A crise prolongou-se durante semanas. A PIDE começou a apertar o cerco aos líderes “rebeldes”, vigiando cautelosamente todos os plenários de estudantes. Jorge Sampaio, de discurso empolgante e presença habitual na tribuna do Estádio Universitário ou na “pala” da cantina, tornou-se o centro das atenções.
O estádio era o cenário habitual dos plenários, cada vez mais frequentes. Num deles, a 9 de maio, 81 estudantes decidiram entrar em greve de fome, barricados na cantina, com o apoio de dirigentes e colegas. Cerca de mil acabaram presos (ver caixa).
Na mira da PIDE
Depois de ser libertado de Caxias, Jorge Sampaio percebeu que a situação tinha mudado. Salazar tinha tomado em mãos a crise académica e estava decidido a pôr cobro à revolta estudantil. Logo no dia 15, Sampaio, que regressara aos piquetes de greve, foi expulso da Faculdade de Direito com um argumento irrespondível: já não era aluno. Nos dias seguintes, o governo fez saber que estavam proibidas as reuniões, os comunicados e a própria RIA. Os estudantes mais ativos nos protestos foram suspensos, sendo-lhes levantados processos disciplinares. Eurico de Figueiredo, então militante do PCP, foi preso.
O endurecimento da repressão fez mossa na capacidade de resistência dos estudantes. Com a chegada da época de exames, muitos apresentaram-se às provas para não perderem o ano. A 14 de junho, um plenário no Técnico aprovou a proposta da RIA de levantar o “luto académico”.

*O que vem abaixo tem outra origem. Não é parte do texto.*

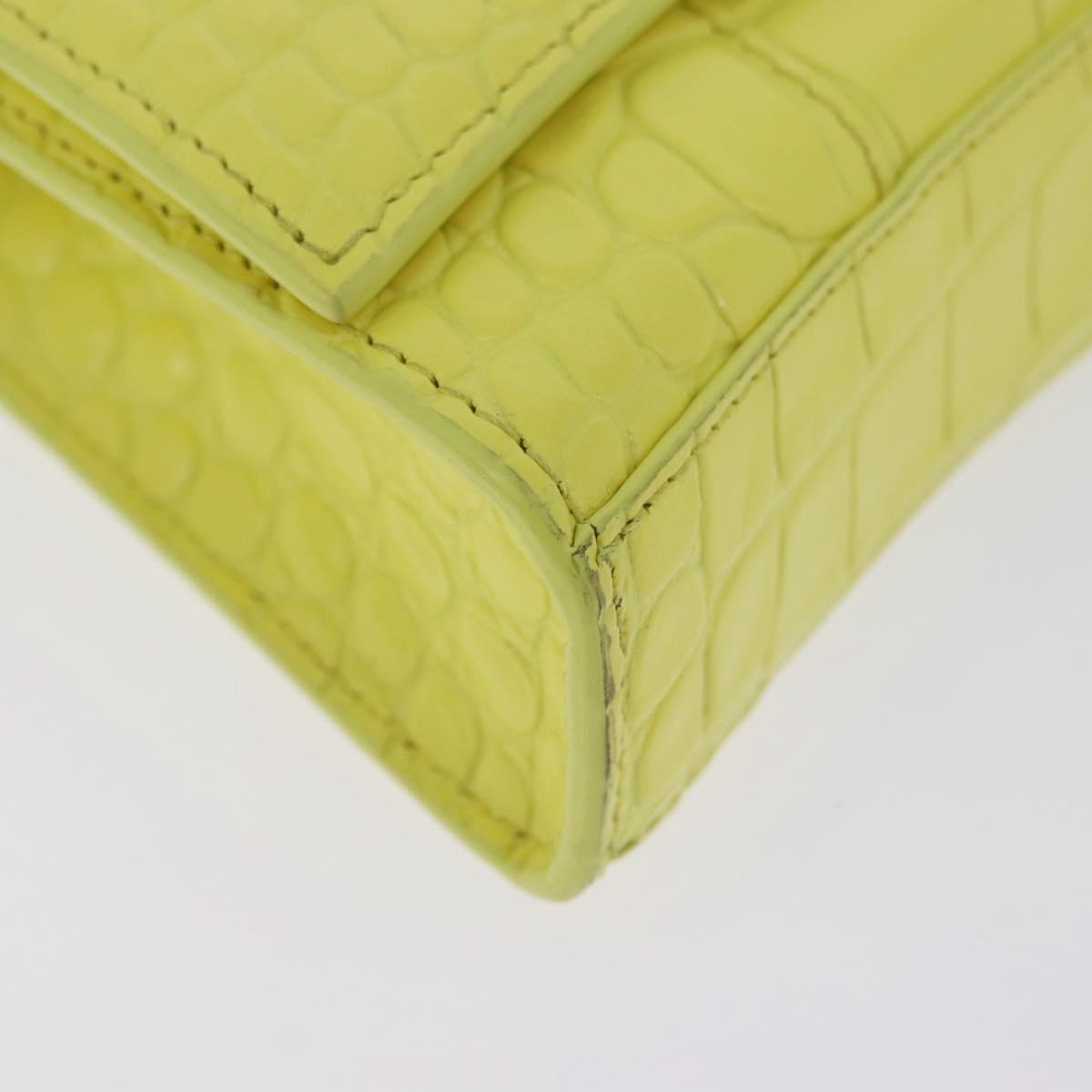 BALENCIAGA Chain Shoulder Bag Leather Croco Embossed Yellow Silver Auth ka5986M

No final de junho foi conhecido o resultado dos processos disciplinares instaurados a 21 dos grevistas da fome da cantina (os que tinham confessado estar em greve de fome): expulsos por 30 meses de todas as escolas da capital.
Jorge Sampaio continuou na mira da PIDE. A 20 de julho, uma brigada foi a casa da família, em Sintra. Ele não estava, mas foram-lhe apreendidos livros, cartas e outros papéis pessoais. A 28 de setembro foi convocado à sede da polícia política e interrogado sobre as suas atividades na RIA. O advogado estagiário ficou prevenido: estava debaixo de olho.